Радость киевского детства – санки... Зимы тогда в Киеве были снежные, может быть потому, что гуще вокруг города стояли леса. Снег вывозили, и по крутым «спускам» вниз, к Подолу, двигались легкими караванами одноконные сани, груженные белыми конусами и кубами. Рядом с обозом шагали веселые женщины-возницы, потому, должно быть, что не мужское это дело – сбивать и оглаживать ловкой лопатой снеговиков. Снег вывозили, а он шел и шел, пушистый и плотный, превращая крутые улицы города в санные горки. В «Белой гвардии» мальчики, катающиеся на санках, – символ покоя и мира. «Катаются мирно так», – удивленно думает Николка, чудом выбравшийся живым из переделки с петлюровцами, оставивший убитого Най-Турса и прошедший пешком полгорода...

А до того где-то на Кудрявском спуске раскатывал свои санки семи-, восьми-, девятилетний Булгаков, и в его воображении их полет соединялся с бесконечным полетом саней Кая в сказке о Снежной королеве: «...горка.

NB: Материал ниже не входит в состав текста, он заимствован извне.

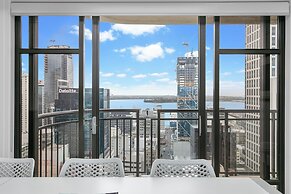 Metropolis Apartments by Urban Rest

Ледяная и бесконечная, как та, с которой в детстве сказочного Кая уносили сани».    

Но штука в том, что в сказке Андерсена горки нет – маленький Кай катается на большой и плоской площади: «– Мне позволили покататься на большой площади с другими мальчиками! – и убежал. На площади катались толпы детей. Те, что были посмелее, прицеплялись к крестьянским саням и отъезжали довольно далеко. Веселье так и кипело. В самый разгар на площади появились большие белые сани... Сани дважды объехали площадь, а Кай живо прицепил к ним свои салазки и покатил. Большие сани быстрее понеслись по площади и вскоре свернули в переулок...»

Горка была не в детстве Кая, а в детстве Михаила Булгакова. Мелодия «Снежной королевы» вошла в повесть, преображенная далекой памятью детства, преображенная фантазией ребенка, читавшего эту сказку в своей первой книжке или слушавшего ее из маминых уст и не перечитывавшего ее взрослым. И, значит, по крайней мере к 1927 году, когда повесть «Морфий» сдавалась в набор, Булгаков эту сказку не перечитывал.

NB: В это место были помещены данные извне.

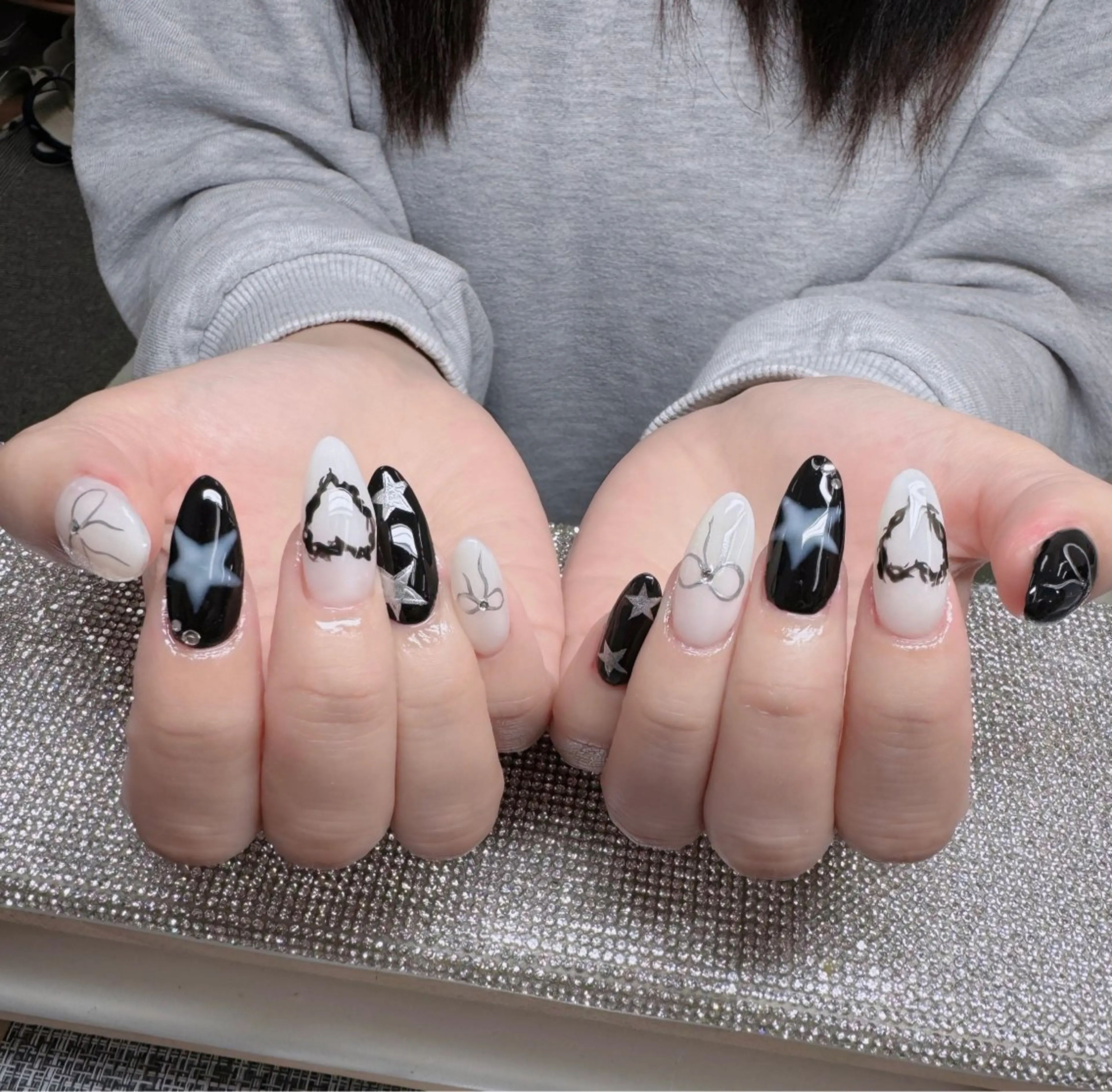 ネイル オーロラネイル フレンチネイル ジェルネイル ハロウィン キラキラネイル H.baby Nail Salon所属・H.baby Nail Salonのネイルデザイン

Не исключено, впрочем, что в 30-е годы, в ту самую пору, когда в романе «Мастер и Маргарита» появляются пляшущие медведи, книга детства – сказки Андерсена – снова вошла в дом: Андерсен в эти годы активно переиздается, а в доме теперь живет мальчик, Сережа Шиловский...

...И об изразцах Саардама

Зарубежный коллега, американский славист, прислал мне письмо. Его очень заинтересовало упоминание книжки П.Р.Фурмана «Саардамский плотник» в «Белой гвардии», и вот, в поисках информации об этом факте, он обнаружил мою статью на соответствующую тему, опубликованную каких-нибудь тридцать лет тому назад.

«С удовольствием прочитал Ваше поэтическое описание ”Саардамского плотника”», – сделал мне иронический комплимент заокеанский коллега, затем посетовал по поводу того, что собственно информации в статье не оказалось, и даже живописно сравнил себя  с Оливером Твистом, осмелившимся после скудного ужина в приюте попросить: «Простите, сэр, я хочу еще...»  

Моя статья «Саардамский плотник» вышла в московском журнале «В мире книг» в 1977 году (№ 1). Помнится, в рукописи она называлась как-то иначе и по объему была несколько больше: представленный мною текст не уместился на предназначенной мне журнальной площади и редактор что-то кромсал и резал, как было тогда принято, не совещаясь с автором. Впрочем, это отразилось главным образом на художественных достоинствах сочинения, информация же в основном уцелела.

Но корреспондент мой был прав: за тридцать лет от этой информации действительно ничего не осталось. Она превратилась в то, что называют «общим местом», в то, о чем говорят: «да кто же этого не знает», или, по выражению литературоведов, вошла в оборот...   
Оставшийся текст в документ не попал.